Patch for -mcaller-super-interworking & stack arguments
Daniel Jacobowitz
drow@false.org
Fri Aug 27 16:00:00 GMT 2004
On Fri, Aug 27, 2004 at 12:04:55PM +0100, Richard Earnshaw wrote:
> On Mon, 2004-08-09 at 08:03, Richard Sandiford wrote:
> > -mcaller-super-interworking causes all indirect calls to use an
> > _interwork_call_via_rN stub. If the target address is an ARM function,
> > this stub will push the (thumb) return address onto the stack and get
> > the ARM function to return to _arm_return instead.
> >
> > Unfortunately, pushing the return address onto the stack means that thumb
> > functions can't pass stack arguments to ARM functions. The suggested fix
> > is to define alternative interworking functions that store the return
> > address at [r7, #-4] instead.
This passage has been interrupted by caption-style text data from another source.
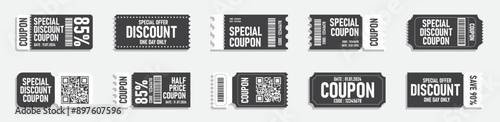 coupon promotion set, voucher card template, coupon code promotion, gift voucher, coupon book, discount voucher, coupon vector, png, transparent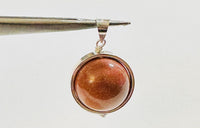 Sterling Silver 18mm Goldstone "Venturina" Circle Spinner Pendant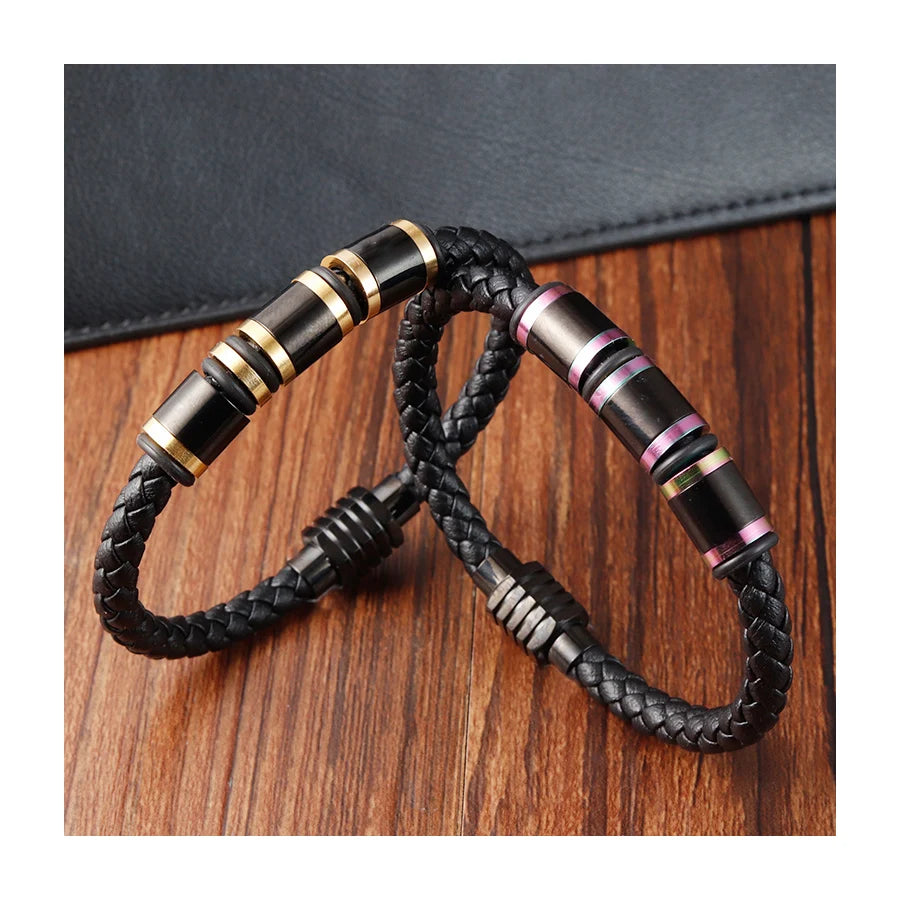 Rainbow Color Wholesale Stainless Steel Woven Bracelet Fashion Gifts Custom Mens Genuine Leather Bracelets and Bangles Hot Sale
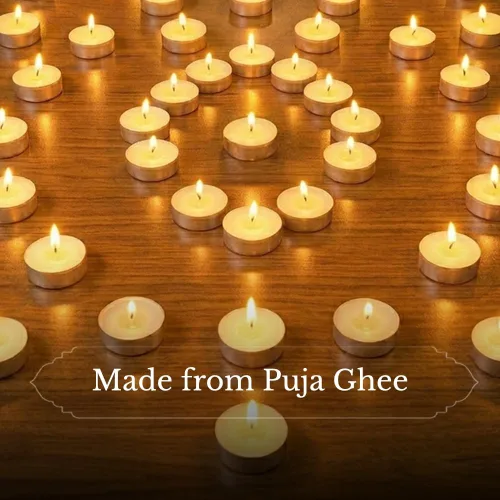 Vista 5 de Shubhkart Tejas - Juego de 50 velas Ghee de alta calidad, sin humo, sin cera, para salas de oración, meditación, hogar, eventos festivos, bodas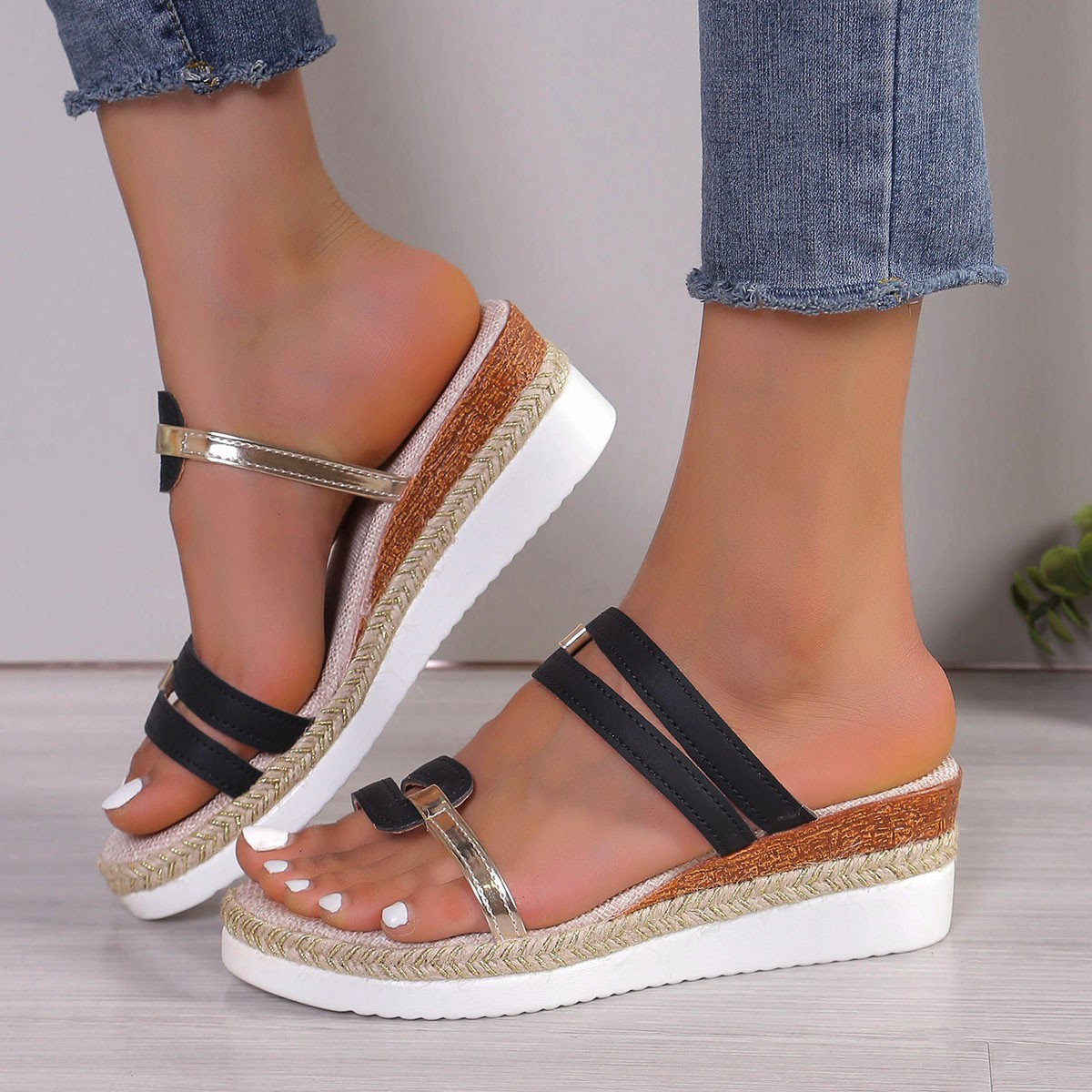 MODEGEIST Damen Plateau-Sandalen Strass Verstellbar Sommer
This of course requires the caller to
> > use a frame pointer and to provide appropriate scratch space there.
I was curious how non-indirect calls handled this situation, and whether this
change would affect the linker, so I took a look. My interpretation is that:
(A) the --support-old-code functionality of the COFF and PE backends
would need a matching update. I don't know how this would work
since Richard's patch decides when compiling the caller whether
to stash it at [r7, #-4] or not.
(B) None of this has ever worked for ELF, since GNU ld has only about
half of the code necessary to build the right stubs.
So right now the only options are to use -mcaller-super-interworking and
restrict all calls to be via function pointers, or fix these shortcoming
of the linker. Am I reading the code right?